Exercise requirements:
Set down again exactly the lines of the listing below that fall between the line holding "2003 Fleer Tradition" and the line holding "Focused doctor looking", inclusive.

Records for this task:
....

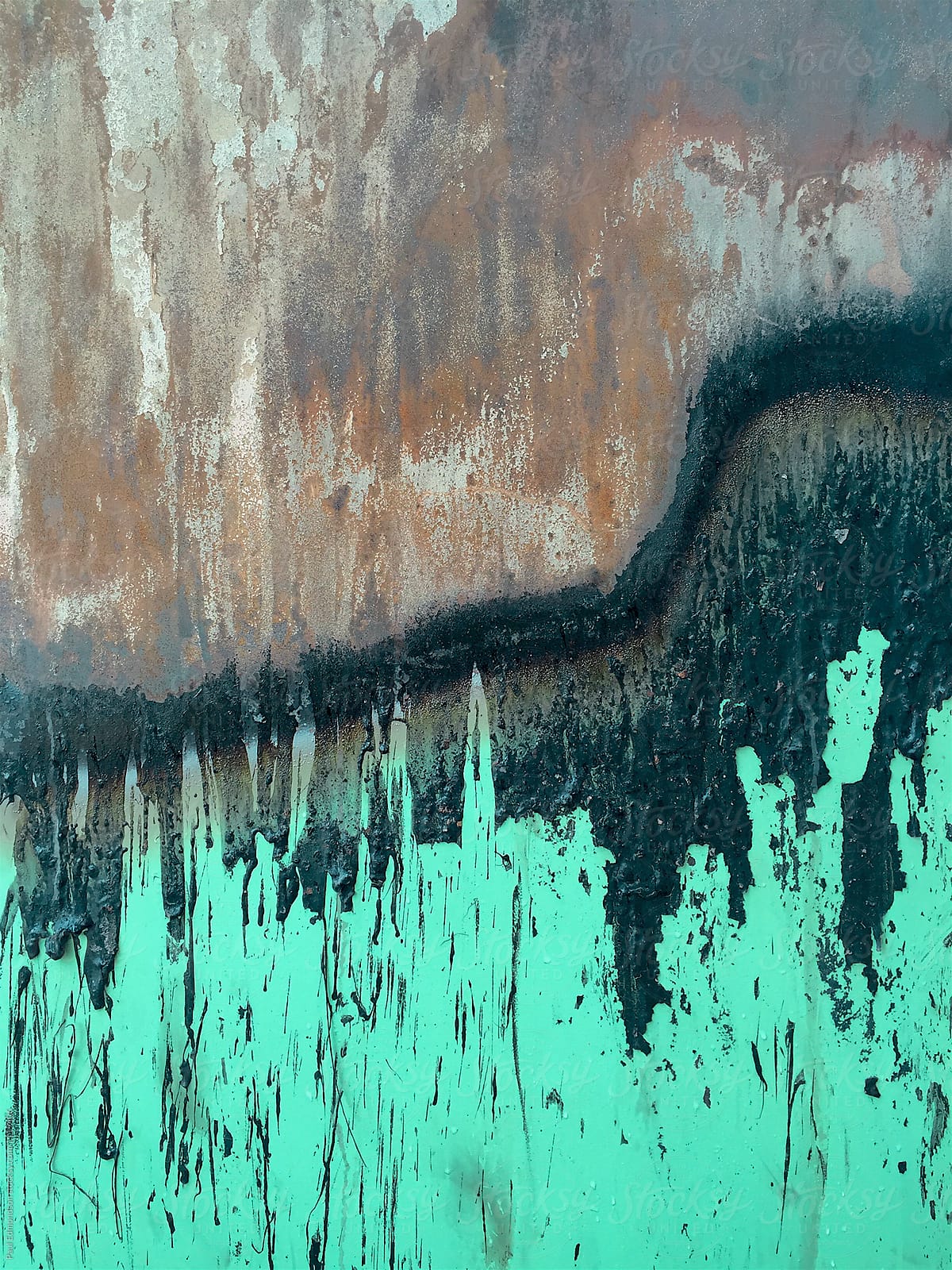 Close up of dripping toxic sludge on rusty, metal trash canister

....

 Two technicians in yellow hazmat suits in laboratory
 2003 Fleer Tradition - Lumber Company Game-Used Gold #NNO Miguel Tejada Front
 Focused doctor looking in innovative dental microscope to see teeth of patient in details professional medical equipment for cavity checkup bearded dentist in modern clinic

....

The answer:
 2003 Fleer Tradition - Lumber Company Game-Used Gold #NNO Miguel Tejada Front
 Focused doctor looking in innovative dental microscope to see teeth of patient in details professional medical equipment for cavity checkup bearded dentist in modern clinic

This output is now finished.